There are, of course, other differences between the two major strands of corporate commercial media. Sixpenny news organisations are more devoted to the who, when, where, how, and why practise of journalism than the penny news fraternity, which is dominated by rageoholic political and ideological correctness and whinging and whining type of journalism, the type of sensationalism that sells to the lowest common denominator masses these days. The sixpenny press tends to see itself as the fourth estate, as a check and balance on the powerful, though their muckracking or investigative journalism has declined for a number of reasons during the twentieth and twenty-first centuries. The sixpenny press tends to be tied to the neoliberal social liberal elites. Jeff Bezos, for example, owns the Washington Post. Tabloids, be these tabloids Australian, Canadian, or American, tend to be tied to right wing apologists and polemicists like Rupert Murdoch and the political "journalism" they engage in is mostly of the apologetic and polemical sort. What should not be missed here is that both American political parties, as that last sentence indicates, have ties, ideological ties, economic ties, political ties, and cultural ties, to different fractions of the American economic elite.

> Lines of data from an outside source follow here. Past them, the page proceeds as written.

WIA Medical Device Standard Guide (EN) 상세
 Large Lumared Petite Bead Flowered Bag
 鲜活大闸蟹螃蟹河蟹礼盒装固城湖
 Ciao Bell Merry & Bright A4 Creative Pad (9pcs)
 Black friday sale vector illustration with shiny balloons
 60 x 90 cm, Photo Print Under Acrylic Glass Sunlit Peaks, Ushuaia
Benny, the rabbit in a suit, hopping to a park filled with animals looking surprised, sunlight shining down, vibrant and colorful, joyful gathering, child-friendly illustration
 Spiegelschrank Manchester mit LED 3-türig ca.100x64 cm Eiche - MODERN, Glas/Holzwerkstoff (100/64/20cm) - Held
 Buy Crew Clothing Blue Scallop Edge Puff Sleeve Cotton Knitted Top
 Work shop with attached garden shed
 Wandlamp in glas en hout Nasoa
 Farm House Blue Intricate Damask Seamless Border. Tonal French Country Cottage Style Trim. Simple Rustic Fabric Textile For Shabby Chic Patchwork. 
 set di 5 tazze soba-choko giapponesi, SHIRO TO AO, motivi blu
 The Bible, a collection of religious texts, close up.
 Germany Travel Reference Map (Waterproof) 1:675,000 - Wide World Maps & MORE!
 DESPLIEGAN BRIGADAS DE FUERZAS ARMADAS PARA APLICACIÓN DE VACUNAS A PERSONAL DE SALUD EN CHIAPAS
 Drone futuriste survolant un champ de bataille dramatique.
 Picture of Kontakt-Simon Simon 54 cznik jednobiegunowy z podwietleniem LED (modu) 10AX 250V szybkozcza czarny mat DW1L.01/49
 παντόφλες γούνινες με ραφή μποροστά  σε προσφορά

What should also not be missed is that both partisan sects, particularly in their true believe form, are equally manichean, seeing themselves as being numbered among the chosen people. They are equally messianic believing that they are on mission from god, whatever or whoever their god happens to be, to to instantiate their version of America throughout the chosen land. They are equally paranoid and conspiratorially oriented thinking the media is out to get them. they are equally utopian preaching that their way is the best way. Both fails to realise that the sixpenny press regards itself (often without reason) as the fourth estate, as a check and a balance on power and thus it sees its mission, at least in part, as expressing truth to power, whoever that power happens to be. Both praise the sixpenny media's speaking truth to power or investigative journalism only if it is speaking truth to its other. Both sectarian groups are, in other words and formally speaking, mirror images of each other.
Speaking of conspiracies, the media, by and large, are conspiratorial. They want to sell you product.